En México, la llamada transición democrática y el neoliberalismo fueron detenidos por Andrés Manuel López Obrador y su partido Morena, con una narrativa que proclamaba el fracaso del sistema ante su incapacidad para resolver la desigualdad, el crimen y la corrupción. Y es que, cuando México intentó adoptar este modelo, el poder económico subordinó al político, y en lugar de instaurar un verdadero capitalismo democrático, se estableció un capitalismo de compadrazgos.
Esto contradice la esencia del sistema adoptado: la separación entre riqueza y poder. Uno de los motivos por los cuales la democracia liberal y el capitalismo destruyeron al feudalismo fue justamente por romper con la alianza entre poder y riqueza, en donde los nobles eran los poseedores de las tierras. Lo que propuso el nuevo orden fue una organización social y política en la cual aquel que, con su trabajo o innovaciones, aportara mayor valor al mercado, fuera, en consecuencia, el poseedor de la riqueza, sin importar su estatus social. Y, a la par, que aquel que lograra la mayor cantidad de votos tuviera el derecho de acceder al poder, sin importar su riqueza o linaje.
En el caso de Estados Unidos, Donald Trump cambió el paradigma político y económico al culpar del estancamiento a los valores que los demócratas priorizaron: la pluralidad, la tolerancia, los derechos humanos, entre otros. Según su narrativa, estos valores olvidaron la generación de riqueza en ciertas comunidades profundamente afectadas por la globalización. En concreto, culpó a los migrantes, a los tratados internacionales y al depredador mercado chino por la supuesta debacle que vivía Estados Unidos. Su propuesta fue priorizar el mercado interno y los valores americanos verdaderos, anteriores incluso al sistema democrático liberal, rompiendo así el equilibrio entre poder económico y político.
Es llamativo que su némesis ideológico, Bernie Sanders, advirtiera la segunda victoria de Trump significa la posible instauración de una oligarquía liderada por un hombre que reduce la política a temas económicos y transaccionales. Un empresario con linaje que asaltó el poder político para liderar un país como si fuera una más de sus empresas, y que, además, prioriza la riqueza de sus allegados por encima de la ciudadanía.

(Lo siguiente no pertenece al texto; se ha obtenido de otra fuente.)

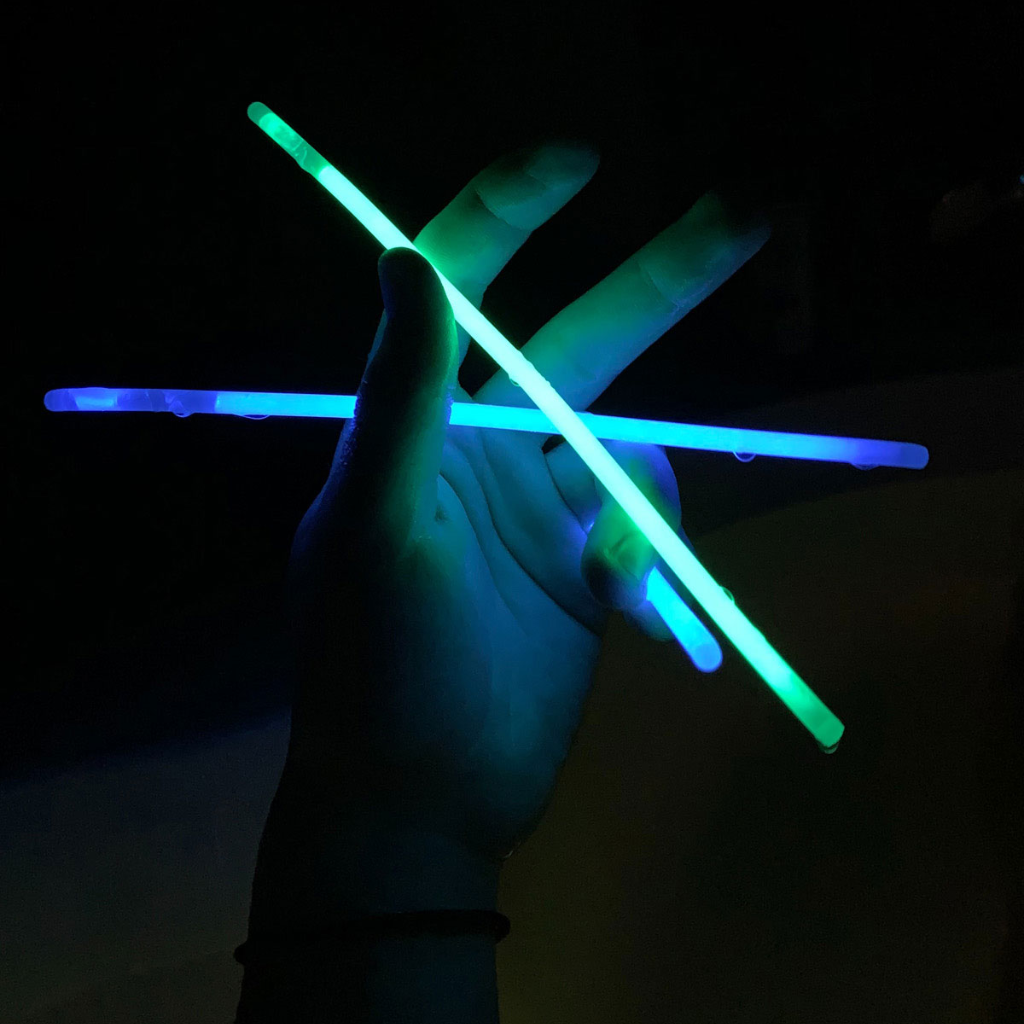 Snap And Glow Glow Sticks 50 Piece Party Pack Urban General Store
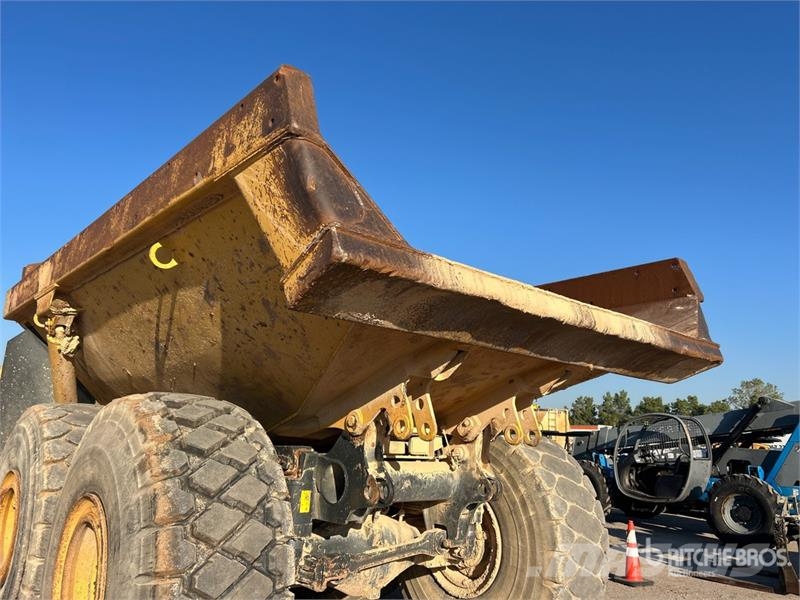 Komatsu HM400-1 Liigendraamiga pinnaseveokid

Lo que ofrecieron los movimientos populistas en México y Estados Unidos fue romper con el capitalismo democrático, no sólo con discursos opositores, sino con una promesa de futuro clara en lo retórico, aunque difusa en la práctica. El populismo ha venido a llenar el vacío que dejaron las nubladas promesas que, durante tantas décadas, ofreció el sistema predominante. Son ellos los que hoy venden futuro; el sistema, en cambio, no ha sabido adaptarse a las nuevas realidades ni enmendar sus errores para construir un proyecto que genere esperanza.
Y aunque los populismos de Estados Unidos y México comparten ciertas formas, la ruptura que proponen con el capitalismo democrático es opuesta: Trump impulsa el control del capital sobre el Estado; mientras que Morena y su fundador buscan instaurar el control del Estado sobre la economía.
Los populismos surgen como respuestas simples y temporales ante la crisis de un sistema decadente. Se mantendrán vigentes mientras no exista una alternativa seria que se proponga, con convicción, como un nuevo proyecto de futuro: uno sólido, próspero, inspirador, capaz de ilusionar y proyectar esperanza. Para construirlo, será indispensable la participación de líderes políticos, sociales, empresariales, ciudadanos e intelectuales que promuevan un diálogo permanente, diagnostiquen la realidad con fundamento y trabajen por el surgimiento de un nuevo y mejor orden mundial, porque lamento —como buen liberal— pronosticar una ruptura drástica del capitalismo democrático.